TASK DETAILS: Go to the line holding "MBOX COIN ENTRY" in the data below. Return it and each line after it through the last, exactly, and skip the pictures.

Records excerpted from a collection
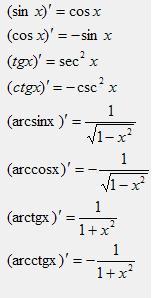 三角函数所有求导公式大全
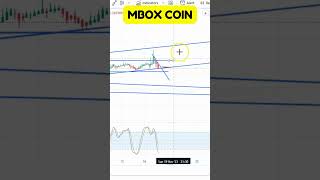 MBOX COIN ENTRY amp EXIT UPDATES  MBOX COIN PRICE PREDICATION  MBOX COIN TECHNICAL ANALYSIS [upl. by Aimehs]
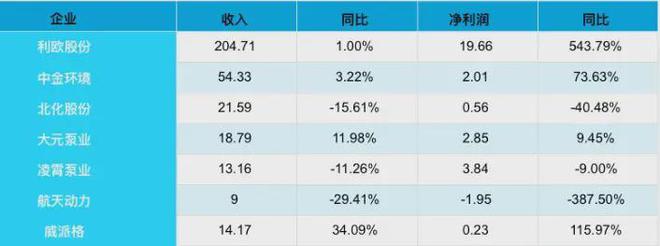 水泵：业绩喜忧参半国产替代进行时(图3)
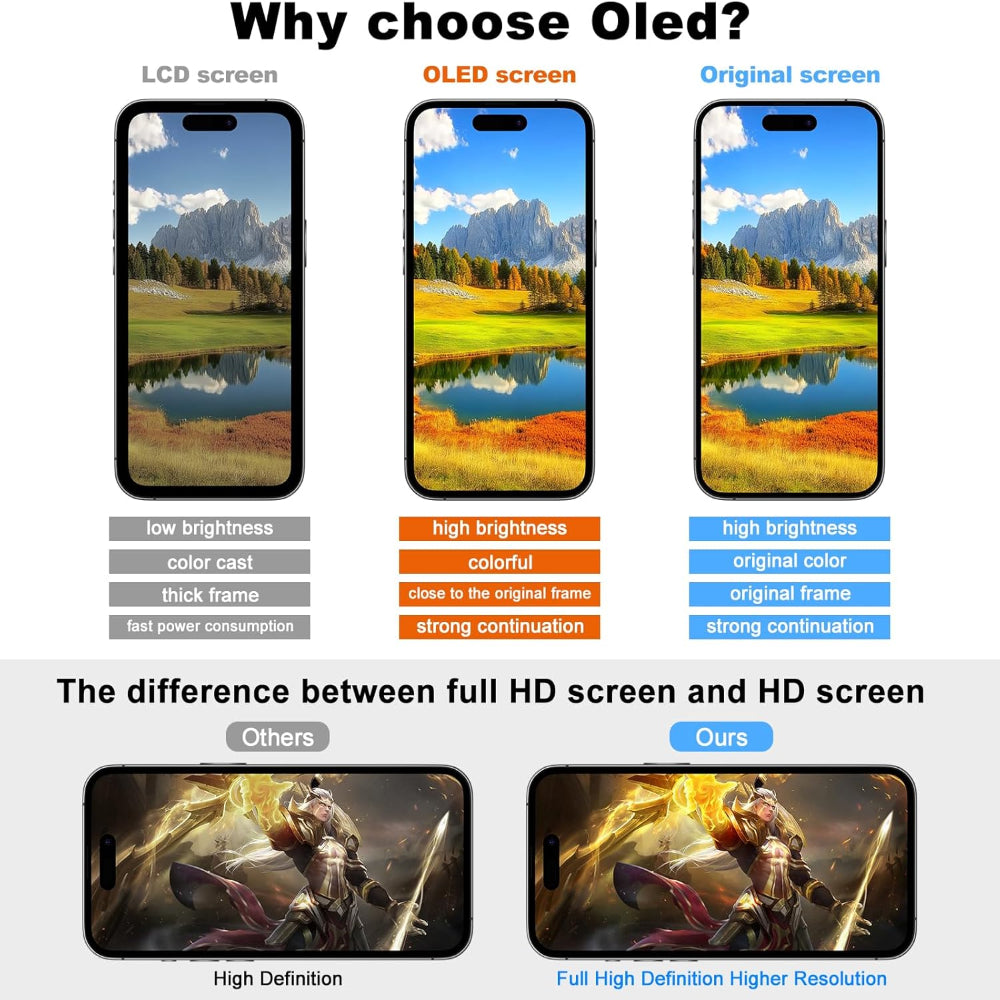 OLED Flexible Display Screen Replacement for iPhone 15 Plus (Soft OLED | COG | Movable IC)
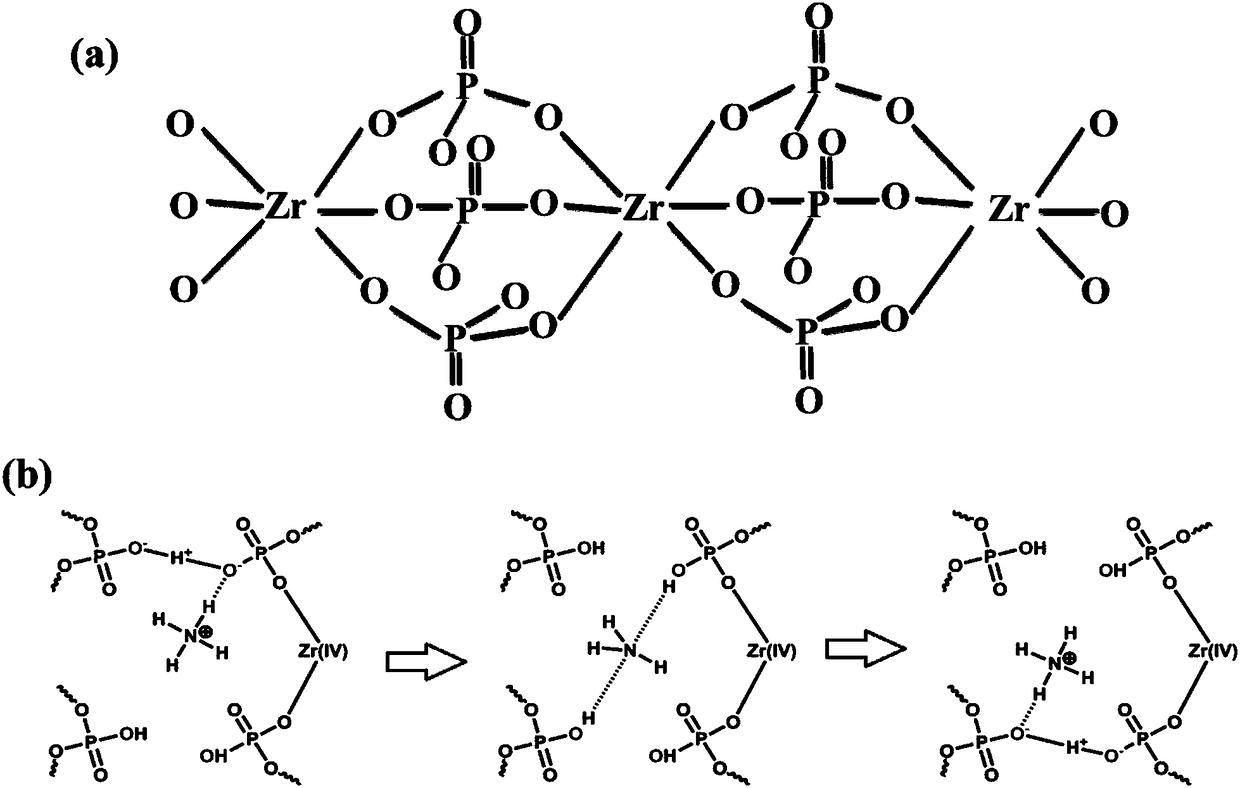 Zirconium phosphate matrix sub-conductor material and application thereof in fuel cell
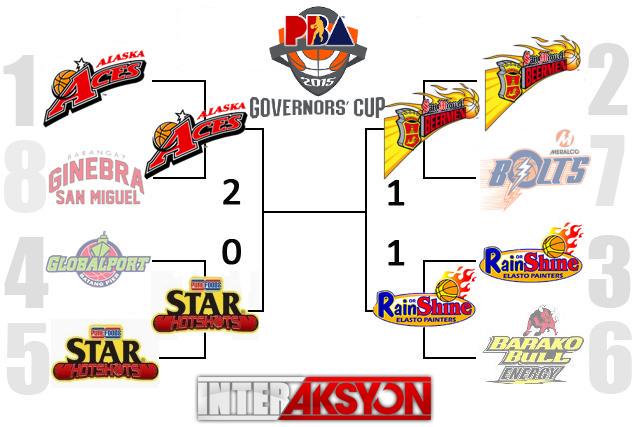 JERICTENGfans's tweet photo. Updated playoffs bracket #LETSGOROS http://t.co/d28QunJuPL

OUTPUT:
 MBOX COIN ENTRY amp EXIT UPDATES  MBOX COIN PRICE PREDICATION  MBOX COIN TECHNICAL ANALYSIS [upl. by Aimehs]
 水泵：业绩喜忧参半国产替代进行时(图3)
 OLED Flexible Display Screen Replacement for iPhone 15 Plus (Soft OLED | COG | Movable IC)
 Zirconium phosphate matrix sub-conductor material and application thereof in fuel cell
 JERICTENGfans's tweet photo. Updated playoffs bracket #LETSGOROS http://t.co/d28QunJuPL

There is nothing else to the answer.